Set down all of the entries precisely as they were written.

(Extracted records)
# # # #

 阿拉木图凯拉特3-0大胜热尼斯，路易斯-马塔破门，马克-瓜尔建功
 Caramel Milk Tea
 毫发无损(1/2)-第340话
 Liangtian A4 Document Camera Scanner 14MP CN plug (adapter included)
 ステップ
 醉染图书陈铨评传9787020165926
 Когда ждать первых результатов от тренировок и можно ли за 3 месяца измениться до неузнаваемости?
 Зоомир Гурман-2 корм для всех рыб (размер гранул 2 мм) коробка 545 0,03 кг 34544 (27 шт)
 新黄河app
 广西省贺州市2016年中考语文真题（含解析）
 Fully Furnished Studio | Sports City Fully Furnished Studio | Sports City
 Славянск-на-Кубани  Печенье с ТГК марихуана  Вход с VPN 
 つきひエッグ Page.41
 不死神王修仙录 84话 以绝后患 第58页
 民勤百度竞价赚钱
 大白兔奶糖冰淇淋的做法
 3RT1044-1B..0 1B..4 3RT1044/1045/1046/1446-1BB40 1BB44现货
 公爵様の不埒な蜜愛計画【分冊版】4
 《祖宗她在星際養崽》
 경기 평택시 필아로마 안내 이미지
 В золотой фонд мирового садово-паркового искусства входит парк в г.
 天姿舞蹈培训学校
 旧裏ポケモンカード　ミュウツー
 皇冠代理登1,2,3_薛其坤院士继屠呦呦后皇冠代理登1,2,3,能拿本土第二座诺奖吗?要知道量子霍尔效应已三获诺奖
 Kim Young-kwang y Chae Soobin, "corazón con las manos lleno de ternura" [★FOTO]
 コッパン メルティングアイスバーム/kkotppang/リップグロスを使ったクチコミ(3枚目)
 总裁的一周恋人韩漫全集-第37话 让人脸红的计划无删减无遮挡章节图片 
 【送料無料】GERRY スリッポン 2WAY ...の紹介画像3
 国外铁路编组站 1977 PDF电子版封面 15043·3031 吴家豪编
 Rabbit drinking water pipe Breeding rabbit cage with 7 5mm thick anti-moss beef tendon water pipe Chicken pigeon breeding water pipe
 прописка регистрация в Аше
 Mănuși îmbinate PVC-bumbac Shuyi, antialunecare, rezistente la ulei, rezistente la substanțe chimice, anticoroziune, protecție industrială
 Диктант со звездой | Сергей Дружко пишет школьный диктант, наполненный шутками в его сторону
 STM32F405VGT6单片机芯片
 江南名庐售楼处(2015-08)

# # # #

RESPONSE >>
 阿拉木图凯拉特3-0大胜热尼斯，路易斯-马塔破门，马克-瓜尔建功
 Caramel Milk Tea
 毫发无损(1/2)-第340话
 Liangtian A4 Document Camera Scanner 14MP CN plug (adapter included)
 ステップ
 醉染图书陈铨评传9787020165926
 Когда ждать первых результатов от тренировок и можно ли за 3 месяца измениться до неузнаваемости?
 Зоомир Гурман-2 корм для всех рыб (размер гранул 2 мм) коробка 545 0,03 кг 34544 (27 шт)
 新黄河app
 广西省贺州市2016年中考语文真题（含解析）
 Fully Furnished Studio | Sports City Fully Furnished Studio | Sports City
 Славянск-на-Кубани  Печенье с ТГК марихуана  Вход с VPN 
 つきひエッグ Page.41
 不死神王修仙录 84话 以绝后患 第58页
 民勤百度竞价赚钱
 大白兔奶糖冰淇淋的做法
 3RT1044-1B..0 1B..4 3RT1044/1045/1046/1446-1BB40 1BB44现货
 公爵様の不埒な蜜愛計画【分冊版】4
 《祖宗她在星際養崽》
 경기 평택시 필아로마 안내 이미지
 В золотой фонд мирового садово-паркового искусства входит парк в г.
 天姿舞蹈培训学校
 旧裏ポケモンカード　ミュウツー
 皇冠代理登1,2,3_薛其坤院士继屠呦呦后皇冠代理登1,2,3,能拿本土第二座诺奖吗?要知道量子霍尔效应已三获诺奖
 Kim Young-kwang y Chae Soobin, "corazón con las manos lleno de ternura" [★FOTO]
 コッパン メルティングアイスバーム/kkotppang/リップグロスを使ったクチコミ(3枚目)
 总裁的一周恋人韩漫全集-第37话 让人脸红的计划无删减无遮挡章节图片 
 【送料無料】GERRY スリッポン 2WAY ...の紹介画像3
 国外铁路编组站 1977 PDF电子版封面 15043·3031 吴家豪编
 Rabbit drinking water pipe Breeding rabbit cage with 7 5mm thick anti-moss beef tendon water pipe Chicken pigeon breeding water pipe
 прописка регистрация в Аше
 Mănuși îmbinate PVC-bumbac Shuyi, antialunecare, rezistente la ulei, rezistente la substanțe chimice, anticoroziune, protecție industrială
 Диктант со звездой | Сергей Дружко пишет школьный диктант, наполненный шутками в его сторону
 STM32F405VGT6单片机芯片
 江南名庐售楼处(2015-08)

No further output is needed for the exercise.